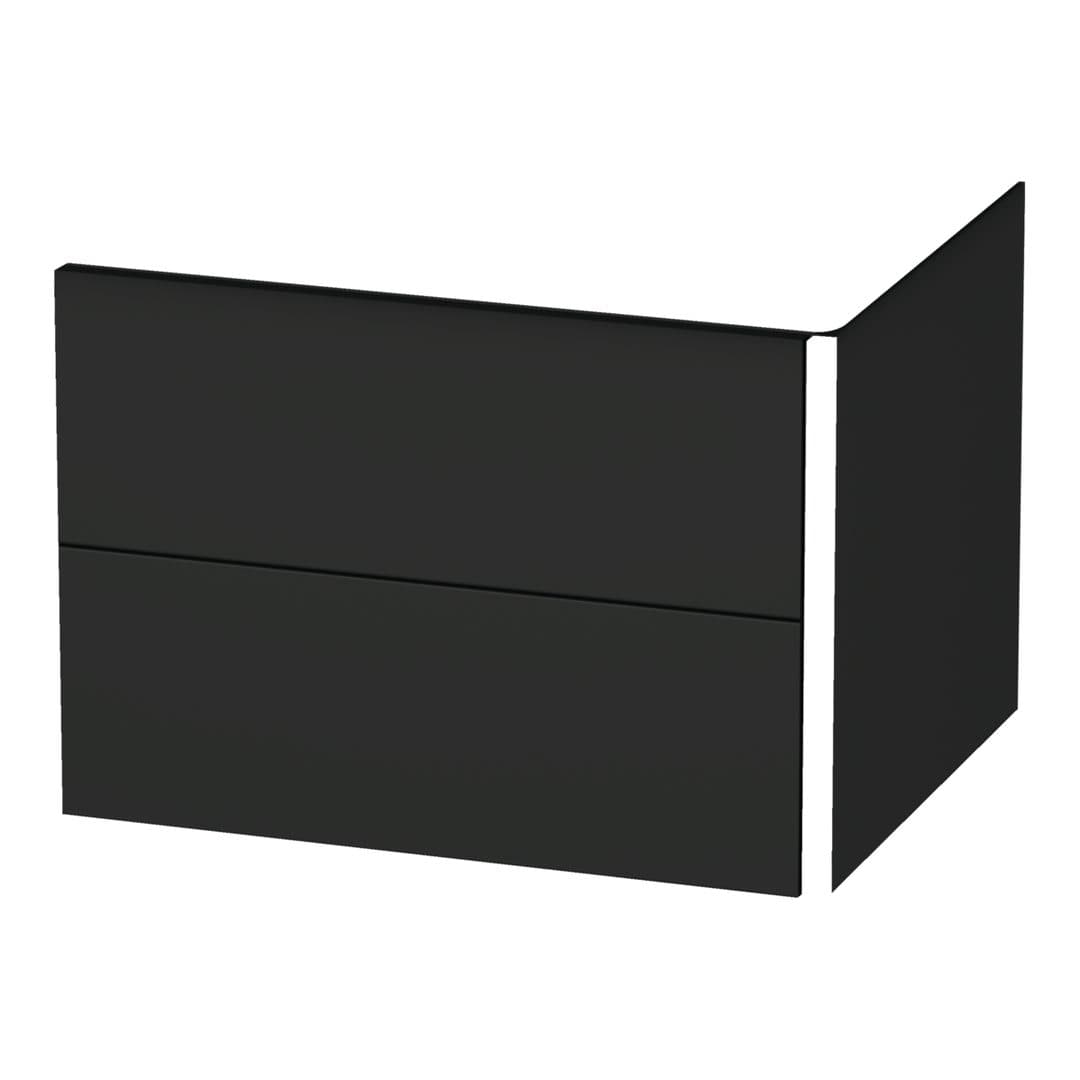 Duravit XSquare – Έπιπλο Νιπτήρα – 584 mm, 2 συρτάρια, νιπτήρας κέντρο – Graphite Super Matt, Decor (XS416108080)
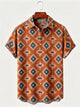 Alohadaddy® Men's Short-Sleeve Button-Down Shirt with Pocket Geometric Print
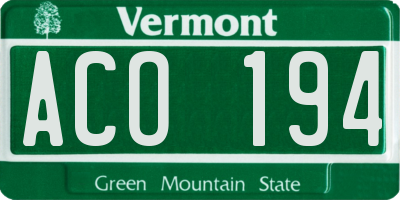 VT license plate ACO194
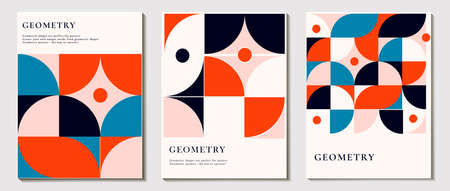 set of abstract background, a pattern of geometric shapes. the modern element is a circle, a line in the style of minimalism. for print. banner, web, business ideas. vector art illustration.のイラスト素材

Exercise aim
The task requires the full listing to be given again verbatim, without its pictures.

Your solution
 Duravit XSquare – Έπιπλο Νιπτήρα – 584 mm, 2 συρτάρια, νιπτήρας κέντρο – Graphite Super Matt, Decor (XS416108080)
 Alohadaddy® Men's Short-Sleeve Button-Down Shirt with Pocket Geometric Print
 VT license plate ACO194
 set of abstract background, a pattern of geometric shapes. the modern element is a circle, a line in the style of minimalism. for print. banner, web, business ideas. vector art illustration.のイラスト素材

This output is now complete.